Immune regulatory functions of Treg cells in apical periodontitis and periodontitis. Treg cells inhibit the differentiation of osteoclast precursors into osteoclasts by secreting inhibitory cytokines, such as IL-10, IL-4, and TNF-β. Also, inhibiting receptor cytotoxic T-lymphocyte–associated antigen 4 (CTLA-4) on Treg cells directly in contact with osteoclast precursors costimulatory molecules CD80 and CD86, which can induce the production of indoleamine 2,3-dioxygenase (IDO) and induce the apoptosis of osteoclast precursors. Th17 cells upregulate osteoblasts and self-expressed receptor activator of nuclear factor kappa B ligand (RANKL) through the release of inflammatory cytokine IL-17. At the same time, IL-17 plays an important role in the mobilization and recruitment of immune cells, stimulating the release of local inflammatory factors, resulting in the expansion of osteoclasts, and the aggravation of inflammatory response. Pre-OC, osteoclast precursors; RANK, the receptor activator of nuclear factor kappa B.

Figure 2

Distribution and functions of Treg cells in head and neck squamous cell carcinoma. (A) Treg cells increase during the disease progression in oral mucosal dysplasia and squamous cell carcinoma. Malignant cells can secret CCL22 to attract Treg cells, or secret TGF-β to suppress inflammatory Th17 cells. (B) Immune suppressive mechanisms of Treg cells in head and neck squamous cell carcinoma.
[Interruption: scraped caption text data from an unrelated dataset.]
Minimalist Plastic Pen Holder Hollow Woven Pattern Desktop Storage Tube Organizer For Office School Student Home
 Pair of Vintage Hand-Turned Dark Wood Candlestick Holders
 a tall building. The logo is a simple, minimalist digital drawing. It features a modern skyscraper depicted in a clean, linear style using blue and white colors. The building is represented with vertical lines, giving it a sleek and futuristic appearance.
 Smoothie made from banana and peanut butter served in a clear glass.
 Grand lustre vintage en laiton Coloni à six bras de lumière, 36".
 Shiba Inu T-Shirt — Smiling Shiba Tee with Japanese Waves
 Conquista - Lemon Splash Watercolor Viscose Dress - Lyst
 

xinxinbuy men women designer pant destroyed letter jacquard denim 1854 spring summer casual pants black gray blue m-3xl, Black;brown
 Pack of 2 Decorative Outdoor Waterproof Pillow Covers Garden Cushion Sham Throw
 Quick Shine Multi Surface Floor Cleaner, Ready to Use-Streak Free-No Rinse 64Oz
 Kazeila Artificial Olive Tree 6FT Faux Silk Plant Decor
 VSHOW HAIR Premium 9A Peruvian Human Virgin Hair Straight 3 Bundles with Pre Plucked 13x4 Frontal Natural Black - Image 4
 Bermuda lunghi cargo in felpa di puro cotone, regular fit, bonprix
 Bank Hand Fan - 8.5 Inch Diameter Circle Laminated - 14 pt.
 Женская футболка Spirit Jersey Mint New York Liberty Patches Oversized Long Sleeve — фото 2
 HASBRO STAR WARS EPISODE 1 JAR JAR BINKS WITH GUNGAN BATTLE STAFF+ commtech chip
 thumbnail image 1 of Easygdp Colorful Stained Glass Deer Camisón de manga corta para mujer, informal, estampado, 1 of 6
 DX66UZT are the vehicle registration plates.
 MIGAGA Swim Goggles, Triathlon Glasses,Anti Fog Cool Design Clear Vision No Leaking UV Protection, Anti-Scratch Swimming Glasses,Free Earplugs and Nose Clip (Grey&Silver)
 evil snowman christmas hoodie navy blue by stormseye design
Treg cells can secret inhibitory cytokines, such as TGF-β, IL-10, and IL-35, to suppress the functions of antigen-presenting cells (APC) and CD8⁺ effector T cells, directly kill effector or APC by granzymes, consume of IL-2 by highly expressing CD25, and negatively regulate the maturation and functions of APC by immune checkpoint molecules, such as LAG-3 and CTLA4.

Figure 3

Regulatory mechanisms of Treg cells recruitment, proliferation, and function in oral diseases. Macrophages and antigen-presenting cells upregulate the release of cytokine C-C motif ligand 22 (CCL22) in an inflammatory environment and recruit more Treg cells to local tissues in a CC-chemokine receptor 4 (CCR4) dependent manner. Similarly, tumor cells are involved in the release of CCL22 in head and neck cancer. In addition, the binding of IL-2 and its receptor CD25 activated the JAK/STAT5 signaling pathway to induce FOXP3 expression. Transforming growth factor β (TGF-β) also has a positive effect on FOXP3 expression by activating mothers against decapentaplegic homologue 3 (SMAD3) transcription factors. Besides, IL-33 binds to the IL-1 receptor-like 1 (ST2) and further promotes the expression of FOXP3 and proliferation of Treg cells. The PI3K-Akt-mTOR pathway activated by inflammatory Toll-like receptor (TLR) or T cell receptor (TCR) signals may be involved in the FOXP3 expression inhibition and the regulation of Treg proliferation, while FOXP3 can negatively feedback on Akt activation. Post-translational modification of mature FOXP3 protein, such as acetylation, enhances both stability and activity of FOXP3. FOXP3 can endow Treg with typical characteristics, such as cytotoxic T-lymphocyte–associated antigen 4 (CTLA-4) and glucocorticoid-induced tumor necrosis factor receptor family-related protein (GITR). APC, antigen-presenting cells; CNS, conserved non-coding sequence; IL-2R, IL-2 receptor; LPS, lipopolysaccharide; mTOR, mechanistic target of rapamycin; PI3K, phosphoinositide 3-kinase; JAKs, Janus kinases; STAT5, signal transducer and activator of transcription 5; PI3K, phosphoinositide 3-kinase; mTOR, mammalian target of rapamycin; TGF-βR, TGFβ receptor; TLR, Toll-like receptor.